Eric Sykes primarily worked for "import/export" trading companies in Shanghai, where he met Fairbairn. Fairbairn involved him as an instructor, and SWAT team leader. He was the leader of the Shanghai Muni Police sniper squad, and between the two, he was definitely the firearms expert. He did most of his work as a civilian, unpaid volunteer or part-time and so he never competed with Fairbairn for rank, nor did he have a reason to consider himself inferior -- but that's exactly how Fairbairn treated him. It's been written that this is ultimately what split them after "Shooting to Live" was published. I suspect that Fairbairn was the one who had the kind of influence that could get books published and ideas promoted as authoritative, and Sykes was just "used" as a source, but that with respect to firearms, he was the source.
Sykes was a hunter, and expert with a rifle and pistol. His father had worked as a cotton trader in Manchester, and Eric had come to Shanghai working for Reiss & Co., a Manchester-based cotton goods trader that had offices in Canton and Shanghai. He later joined the China & Japan Trading Co., the Colt and Remington importer for China, and then worked for S J David & Co., a Bombay-based trader and pioneer of the mill industry in India. Manchester and Bombay certainly had cotton mills and industries that exported to China, but India had more exports to China than just cotton. Perhaps that's what kept the Shanghai Muni PD so busy.
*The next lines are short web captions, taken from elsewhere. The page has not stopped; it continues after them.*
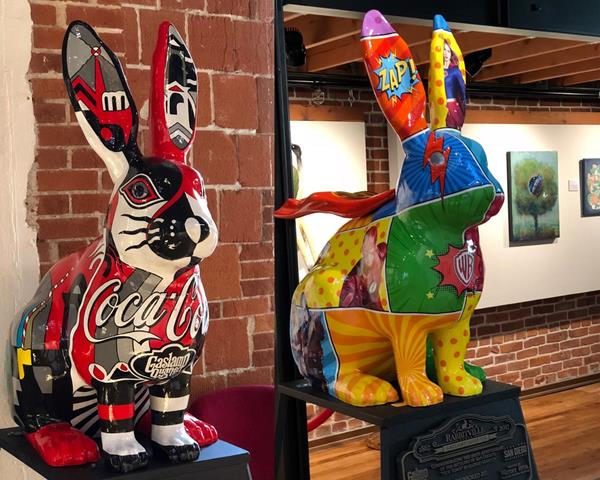 Sponsored Rabbits of "Rabbitville"  The Coca-Cola Rabbit by Artist Steven Van.  Warner Bros Television Rabbit titled "Hop Hop and Away" by Warner Bros.Television Marketing Division.

photo credit: Michael Trimble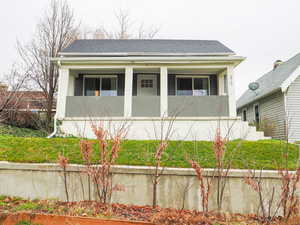 View of front of home with stucco siding, a shingled roof, and a front lawn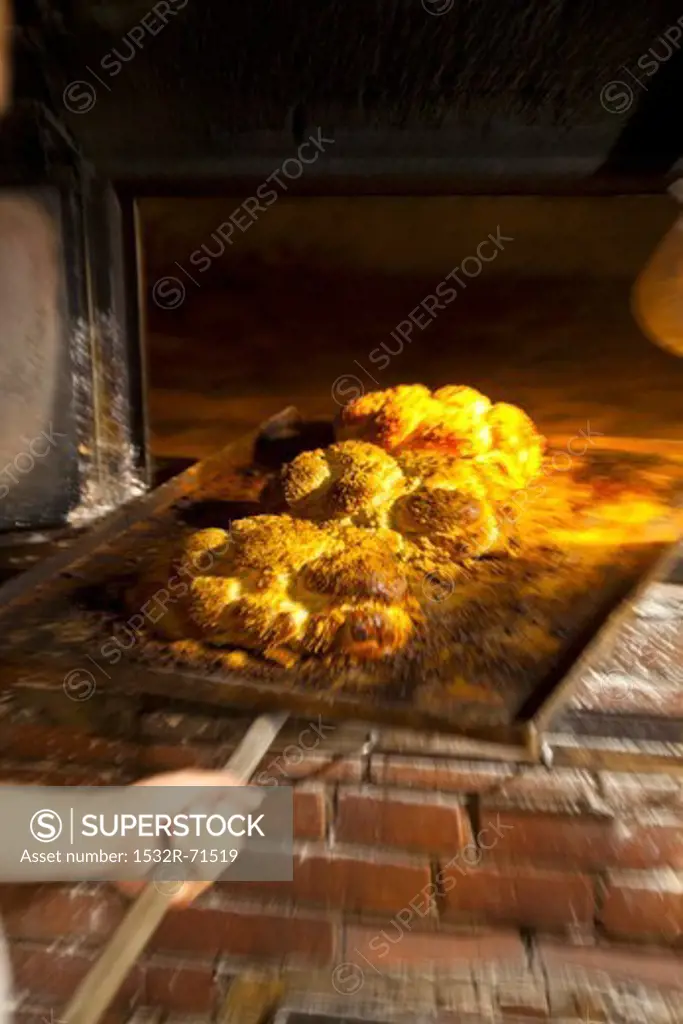 Freshly baked bread rolls on a baking tray in a wood-fired oven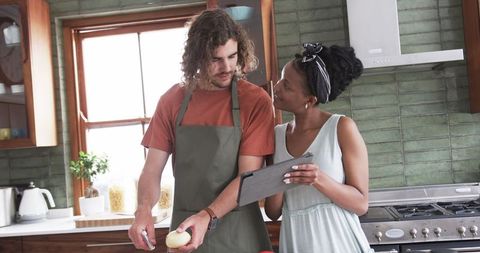 Diverse Couple Cooking Together in Modern Home Kitchen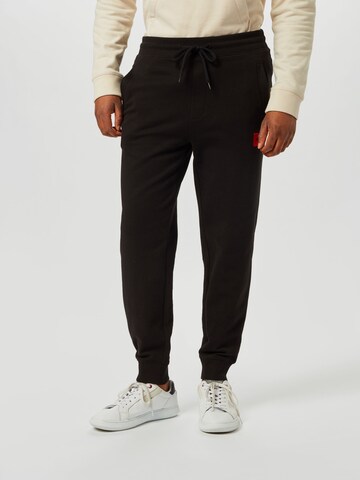 Tapered Pantaloni 'Doak' di HUGO in nero: frontale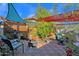 Outdoor patio with seating, fire pit, shade sails, and potted plants at 4048 W Sierra Vista Dr, Phoenix, AZ 85019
Eric Sykes worked for S J David & Co. from 1929 until he left China 1940. I found that this company was active in the opium trade besides Indian yarns.
When Shooting to Live was published in 1942, the US was in need of doctrine for handgun methodology. The US had no authority or subject matter expert on this topic. Their British allies did, having sourced them from the Shanghai International Settlement's municipal police. Shanghai had been a hotbed for combat with the Chinese criminal underworld and its drug and arms trades. The US, on the other hand, had no such "sandbox" in which to prove hand-to-hand, handgun, and knife combat techniques. They had gone through Prohibition, but without a central institution (like the FBI that would come later) to congeal the learned knowledge into any kind of doctrine. What the US did have, was an excellent handgun, the 1911 Government model (which Fairbairn & Sykes were big promoters of).
Contrary to the Lucky Gunner video, Fairbairn and Sykes never promoted double-action revolvers. They described and illustrated the "Fitz Special" in their book for plainclothes (undercover) detectives for use as what others would describe as a "belly gun," but they very strongly promoted the semi-automatic pistol as superior for all other practical purposes. Their reasons were exactly the ones that have resulted in semi-automatic pistols prevailing in law enforcement today. Fairbairn and Sykes mentioned the Americans' affinity for revolvers and considered it inexplicable and indefensible.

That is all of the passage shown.